GHOSLIGHT
de Kelly O'Sullivan et Alex Thompson ****
Avec Keith Kupferer, Dolly de Leon, Katherine Mallen Kupferer, Tara Mallen
Dan est employé sur des chantiers de voirie à Chicago.
Son manque d'attention le met parfois en danger sur la chaussée (et l'on peut constater que les réactions agressivo-débiles des automobilistes à l'égard de ceux qui travaillent sur les routes ne sont pas une exclusivité franco-française). Interpelé par une comédienne gênée par le bruit des travaux dans le quartier, il pousse la porte de la salle de répétition. La troupe amateur répète une pièce de Shakespeare, Roméo et Juliette ("Romeo Romeo pourquoi es-tu Romeo ?"). Dan participe à une lecture et intègre finalement la compagnie sans en avertir sa femme et sa fille. A la maison, l'ambiance est souvent tendue notamment en raison du comportement agressif de Daisy l'ado, comportement qui provoque d'ailleurs une convocation des parents dans son établissement scolaire.

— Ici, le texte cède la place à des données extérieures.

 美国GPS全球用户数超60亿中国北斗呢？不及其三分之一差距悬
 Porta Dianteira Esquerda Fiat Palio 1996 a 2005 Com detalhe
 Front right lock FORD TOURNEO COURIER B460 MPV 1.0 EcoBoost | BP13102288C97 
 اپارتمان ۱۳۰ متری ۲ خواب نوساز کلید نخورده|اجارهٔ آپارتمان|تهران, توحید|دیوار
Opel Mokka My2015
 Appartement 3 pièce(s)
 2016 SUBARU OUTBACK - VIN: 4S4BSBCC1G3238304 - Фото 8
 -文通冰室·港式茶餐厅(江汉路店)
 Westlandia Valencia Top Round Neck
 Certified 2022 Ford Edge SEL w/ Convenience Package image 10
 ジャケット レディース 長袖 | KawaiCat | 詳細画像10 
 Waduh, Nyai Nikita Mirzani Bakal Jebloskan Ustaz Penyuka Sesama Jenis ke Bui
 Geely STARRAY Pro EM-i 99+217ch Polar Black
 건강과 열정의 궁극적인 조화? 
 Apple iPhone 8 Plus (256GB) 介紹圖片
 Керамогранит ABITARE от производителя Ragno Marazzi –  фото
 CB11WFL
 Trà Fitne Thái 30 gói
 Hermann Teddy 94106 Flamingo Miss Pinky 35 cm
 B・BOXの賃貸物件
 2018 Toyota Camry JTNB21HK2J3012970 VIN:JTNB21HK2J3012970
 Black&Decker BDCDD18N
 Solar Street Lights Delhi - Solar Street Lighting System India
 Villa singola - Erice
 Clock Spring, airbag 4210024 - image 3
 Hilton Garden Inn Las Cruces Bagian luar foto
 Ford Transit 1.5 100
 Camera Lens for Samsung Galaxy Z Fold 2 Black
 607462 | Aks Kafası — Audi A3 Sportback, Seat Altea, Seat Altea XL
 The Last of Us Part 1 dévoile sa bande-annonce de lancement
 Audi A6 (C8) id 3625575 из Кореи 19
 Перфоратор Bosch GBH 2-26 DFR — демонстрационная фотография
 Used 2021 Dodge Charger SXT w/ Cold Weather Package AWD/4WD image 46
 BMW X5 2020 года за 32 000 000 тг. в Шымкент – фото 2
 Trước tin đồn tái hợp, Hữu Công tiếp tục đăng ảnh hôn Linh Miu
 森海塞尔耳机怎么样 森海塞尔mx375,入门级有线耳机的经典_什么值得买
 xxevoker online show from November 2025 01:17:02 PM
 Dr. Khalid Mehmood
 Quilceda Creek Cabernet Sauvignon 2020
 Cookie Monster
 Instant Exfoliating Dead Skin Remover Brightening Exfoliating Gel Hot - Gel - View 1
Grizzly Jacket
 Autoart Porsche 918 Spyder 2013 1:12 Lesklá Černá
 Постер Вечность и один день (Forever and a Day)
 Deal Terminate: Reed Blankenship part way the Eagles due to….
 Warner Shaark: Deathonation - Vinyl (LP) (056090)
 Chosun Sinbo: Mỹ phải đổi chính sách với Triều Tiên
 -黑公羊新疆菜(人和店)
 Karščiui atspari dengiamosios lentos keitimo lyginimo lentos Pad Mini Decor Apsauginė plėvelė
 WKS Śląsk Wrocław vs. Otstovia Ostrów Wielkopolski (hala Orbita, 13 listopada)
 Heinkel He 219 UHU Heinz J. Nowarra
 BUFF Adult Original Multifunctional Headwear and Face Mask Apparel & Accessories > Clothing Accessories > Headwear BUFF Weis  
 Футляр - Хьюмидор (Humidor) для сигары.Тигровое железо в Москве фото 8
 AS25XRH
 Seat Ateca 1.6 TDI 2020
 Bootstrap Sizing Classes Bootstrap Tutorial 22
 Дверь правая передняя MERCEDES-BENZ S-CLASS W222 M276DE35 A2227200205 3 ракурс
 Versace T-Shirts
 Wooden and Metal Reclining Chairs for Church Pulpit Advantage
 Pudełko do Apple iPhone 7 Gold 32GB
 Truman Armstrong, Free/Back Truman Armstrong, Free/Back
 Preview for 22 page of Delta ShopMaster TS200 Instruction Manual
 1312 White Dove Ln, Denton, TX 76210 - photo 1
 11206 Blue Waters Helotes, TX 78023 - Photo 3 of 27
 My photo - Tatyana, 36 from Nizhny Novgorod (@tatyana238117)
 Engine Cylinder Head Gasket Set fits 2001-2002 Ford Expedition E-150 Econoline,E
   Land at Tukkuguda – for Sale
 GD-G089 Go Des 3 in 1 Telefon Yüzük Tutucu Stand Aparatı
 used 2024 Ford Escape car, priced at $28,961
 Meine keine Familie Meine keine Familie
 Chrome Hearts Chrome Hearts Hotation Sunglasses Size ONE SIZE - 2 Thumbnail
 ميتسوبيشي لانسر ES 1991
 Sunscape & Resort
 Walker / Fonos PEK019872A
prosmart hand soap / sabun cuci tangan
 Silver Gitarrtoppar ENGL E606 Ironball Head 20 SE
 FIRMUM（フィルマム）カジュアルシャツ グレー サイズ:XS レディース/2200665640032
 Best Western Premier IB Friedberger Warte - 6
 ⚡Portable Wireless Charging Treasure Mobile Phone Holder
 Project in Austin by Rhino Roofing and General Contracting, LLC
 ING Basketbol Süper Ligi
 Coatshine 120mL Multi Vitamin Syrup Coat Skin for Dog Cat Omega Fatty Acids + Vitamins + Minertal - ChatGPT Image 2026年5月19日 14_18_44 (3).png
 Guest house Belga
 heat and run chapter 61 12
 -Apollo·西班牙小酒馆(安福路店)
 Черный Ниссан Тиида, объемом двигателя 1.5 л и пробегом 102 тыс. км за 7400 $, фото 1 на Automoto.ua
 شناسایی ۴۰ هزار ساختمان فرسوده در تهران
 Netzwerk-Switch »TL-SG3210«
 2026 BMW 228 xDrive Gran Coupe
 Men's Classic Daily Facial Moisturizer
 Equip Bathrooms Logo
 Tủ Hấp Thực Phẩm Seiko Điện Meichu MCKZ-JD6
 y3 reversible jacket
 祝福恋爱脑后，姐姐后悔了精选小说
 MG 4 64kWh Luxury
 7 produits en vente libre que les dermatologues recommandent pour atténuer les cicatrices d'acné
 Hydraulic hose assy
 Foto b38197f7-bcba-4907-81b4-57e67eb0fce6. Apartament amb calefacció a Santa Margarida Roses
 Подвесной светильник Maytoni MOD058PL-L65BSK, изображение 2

Je me rendais dans mon cinéma préféré pour voir Ce nouvel an qui n'est jamais arrivé, film roumain sur la fin de règne de Ceaușescu. Complet ! Apparemment la mort d'un dictateur intéresse davantage qu'une énième version de Shakespeare. Je comprenais jusqu'à ce que je découvre ce film, car pour ne pas m'être déplacée pour rien, je me suis rabattue sur ce Ghostlight qui était pourtant en toute fin sur la liste de mes envies. La bande-annonce me laissait supposer un film anglais un peu gnan gnan et prévisible. Comme quoi les bandes annonces sont souvent mal faites et j'avais tout faux puisque le film est américain et j'ai assisté à un spectacle magnifique, tendre, délicat et finalement bouleversant. J'ai fini comme une flaque à renifler (car les flaques reniflent, oui) et me moucher dans mon écharpe. Donc, soyez plus prévoyants : prenez des mouchoirs !
Si comme moi vous vous interrogez sur la signification du titre que l'on peut traduire littéralement par lumière fantôme... sachez que dans les pays anglo-saxons, le terme "ghosligths" désigne les veilleuses, généralement sur trépied, qui restent allumées au centre des scènes de théâtre la nuit. Tout s'illumine puisqu'il sera beaucoup question de théâtre.
Je vous en dirai un minimum pour vous laisser comme moi toute la surprise des raisons des uns et des autres que l'on pressent et découvre peu à peu. C'est très habilement et subtilement mené. On comprend pourquoi cette jeune fille rageuse ne profère plus que des "gros mots", pourquoi les parents peinent tant à la "recadrer". Un petit quiproquo entre la femme et le mari vient corser provisoirement l'affaire mais on est surtout face à une famille ordinaire qui trouve dans le théâtre bien des compensations face à l'injustice de la vie. La résolution des problèmes peut paraître peut-être un peu simpliste mais j'étais heureuse que les réalisateurs choisissent délibérément la lumière et nous rendent complice de l'évolution de cette famille attachante qui réussit enfin à se parler.
Le théâtre est au coeur du processus de réparation. Le théâtre comme moyen de panser ses plaies, de calmer la douleur. Pourquoi pas ? Le parallèle entre une pièce qui date de 1597 (avec des libertés notamment concernant l'âge des protagonistes absolument savoureuses) et les évènements de 2025 finit par être particulièrement pertinent jusqu'à ce moment théâtral qui met KO. Avant cela, il y aura eu l'étreinte douce, progressive de tout un groupe, silencieuse, plus réconfortante que mille mots.
Pour vous faire frémir d'émotion, il y a des acteurs. Tous inconnus et amateurs (si j'ai bien compris) sauf Dolly de Leon plus aguerrie. Pour jouer la famille, les réalisateurs ont choisi une vraie famille. Ainsi la merveilleuse et jeune Katherine Mallen Kupferer joue avec ses propres parents. Tout le long du film on peut observer cette connivence et cette alchimie assez exceptionnelles. Tout s'explique. On y croit à cette famille qui souffre. Mais c'est le père, ce grand gaillard qui explose ou quitte la pièce si les choses ne lui conviennent pas, avec sa pudeur, sa douleur, son mutisme qui plus encore que sa fille de la vie et du cinéma pourtant formidable, vous fera frissonner et sangloter.
Allez voir ce grand et beau film infiniment humain qui vous cueille jamais là où on l'attend !
Vous savez ce genre de film qu'on a envie de prendre dans ses bras...
Commentaires
Vu aucune bande annonce et l affiche ne me donnait pas envie. Mais ta critique donne envie.